BRIEF »
The lines from the top of the material below through the line containing "Первый музей мороженого в Греции" are to be printed exactly, with pictures omitted.

RECORDS »
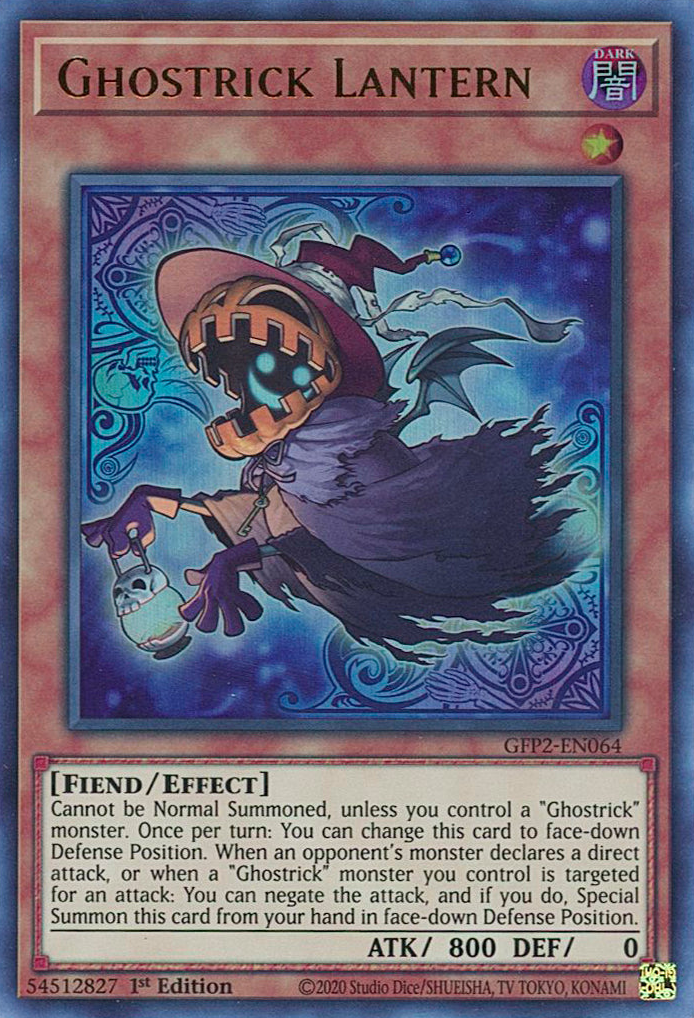 Ghostrick Lantern [GFP2-EN064] Ultra Rare | Jomio and Rueliete's Cards and Comics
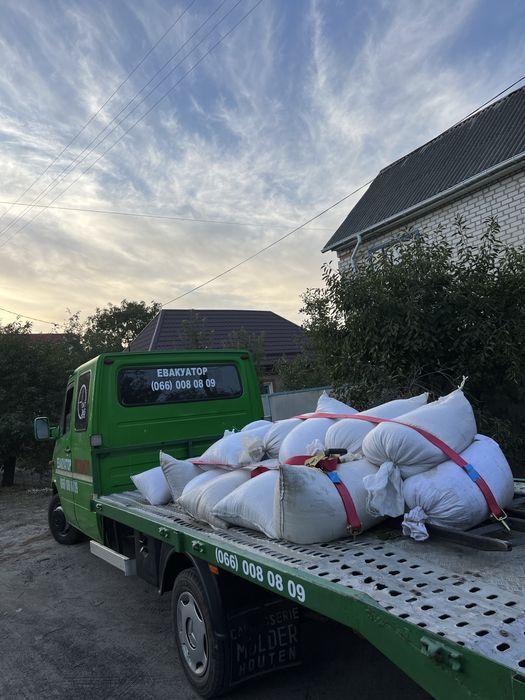 Доставка будматеріалів, металоконструкцій, негабаритного вантажу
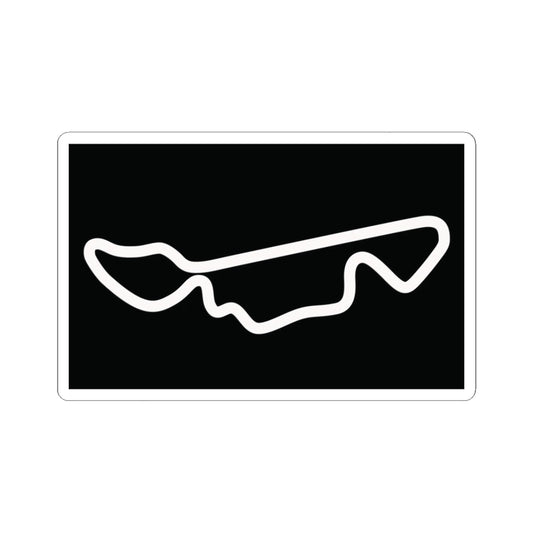 Grattan Raceway -Track Stickers
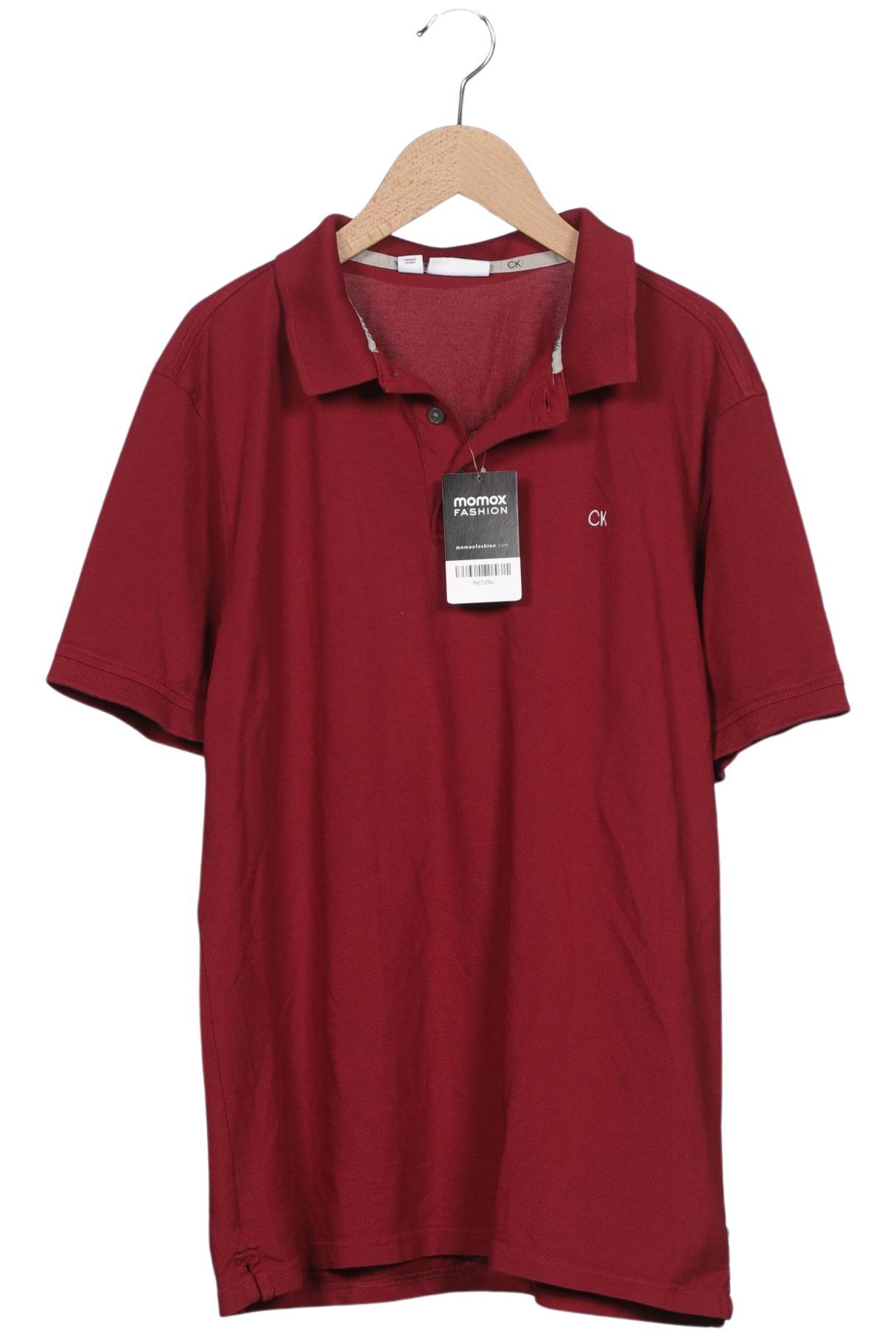 

Calvin Klein Herren Poloshirt, bordeaux, Gr. 52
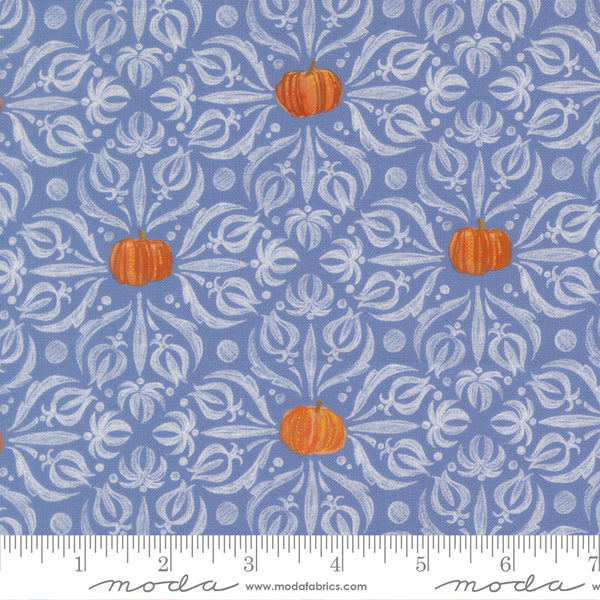 Moda Coven 48802 14 Dusk Damask Medallion By The Yard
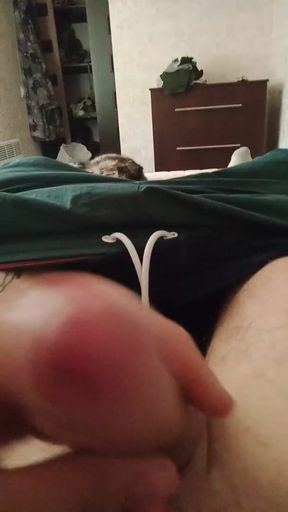 POV hot handjob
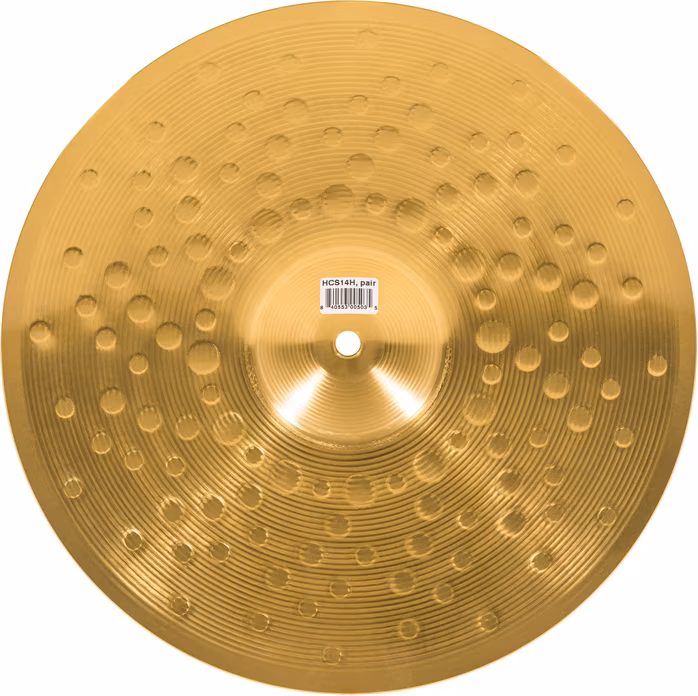 Meinl 14" HCS Hi-hat - Talerze hi-hat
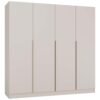 miniaturka Kledingkast SENSO 4D 200 – 200 cm – Kasjmier beige – 4 deuren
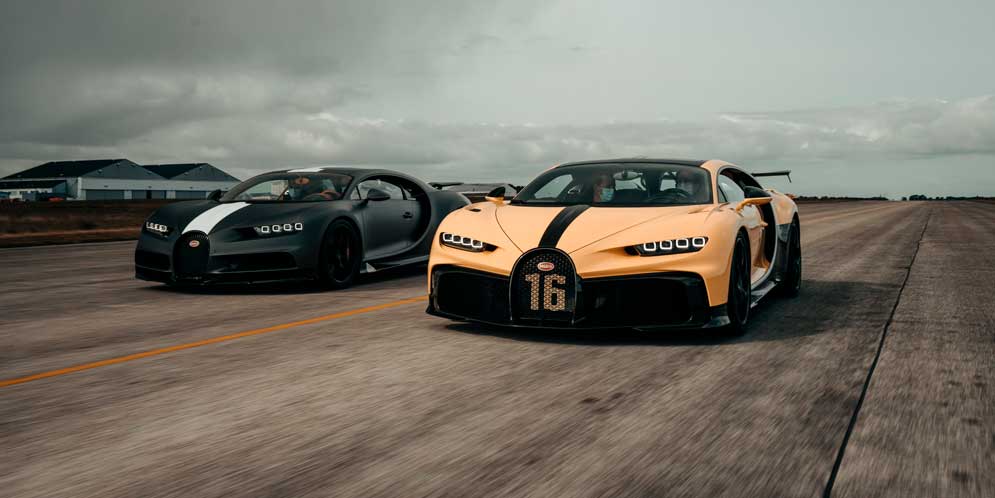 Больше всего Bugatti покупают в Северной Америке и США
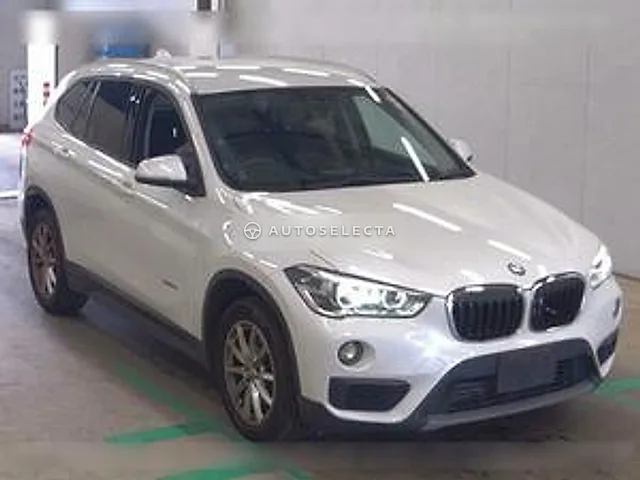 BMW X1 2018, auction grade 4.5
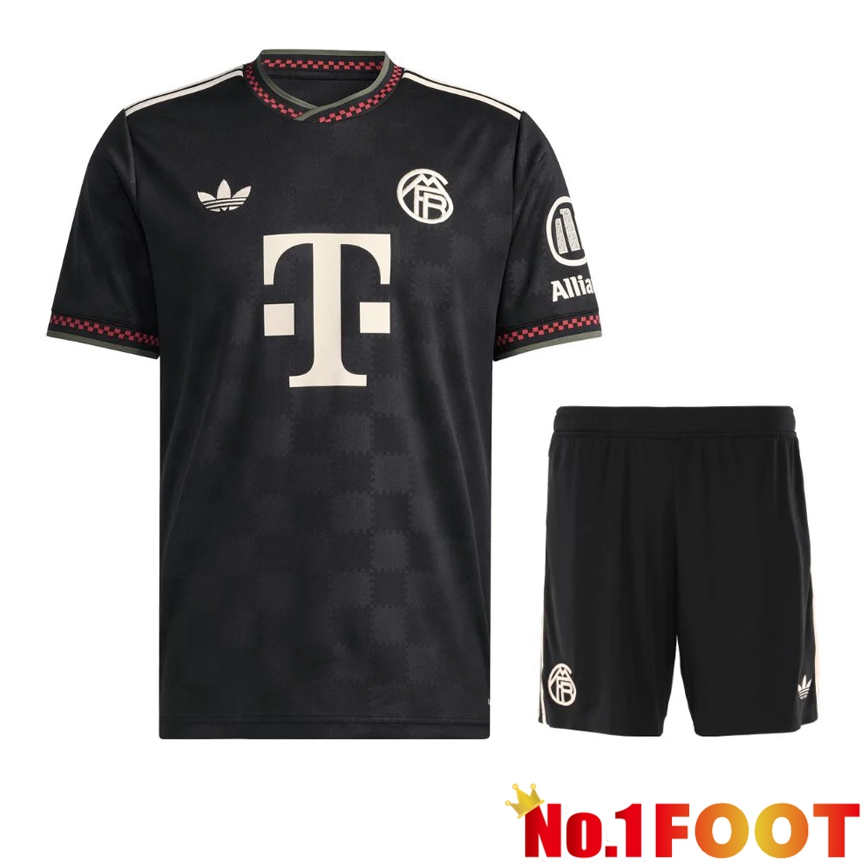 Bayern Munich Third kit Soccer Jersey + Shorts 2025/2025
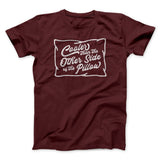 Cooler Than the Other Side of the Pillow Men/Unisex T-Shirt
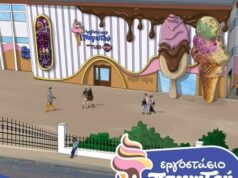 Первый музей мороженого в Греции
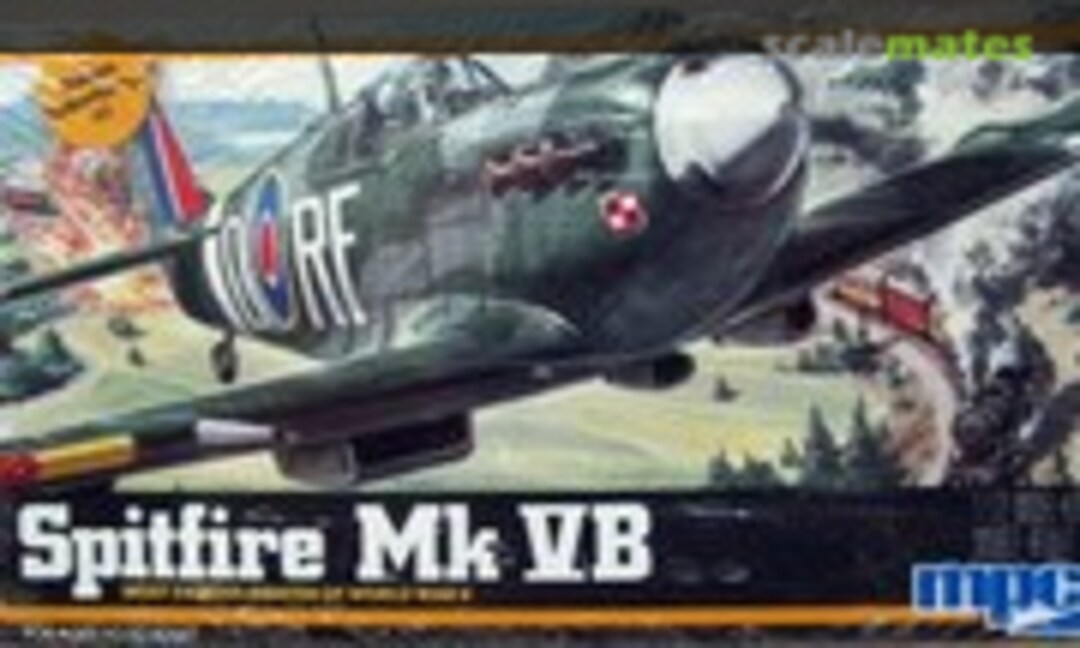 1:72 Spitfire Mk VB (MPC 1-4007)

WRITTEN ANSWER »
 Ghostrick Lantern [GFP2-EN064] Ultra Rare | Jomio and Rueliete's Cards and Comics
 Доставка будматеріалів, металоконструкцій, негабаритного вантажу
 Grattan Raceway -Track Stickers

Calvin Klein Herren Poloshirt, bordeaux, Gr. 52
 Moda Coven 48802 14 Dusk Damask Medallion By The Yard
 POV hot handjob
 Meinl 14" HCS Hi-hat - Talerze hi-hat
 miniaturka Kledingkast SENSO 4D 200 – 200 cm – Kasjmier beige – 4 deuren
 Больше всего Bugatti покупают в Северной Америке и США
 BMW X1 2018, auction grade 4.5
 Bayern Munich Third kit Soccer Jersey + Shorts 2025/2025
 Cooler Than the Other Side of the Pillow Men/Unisex T-Shirt
 Первый музей мороженого в Греции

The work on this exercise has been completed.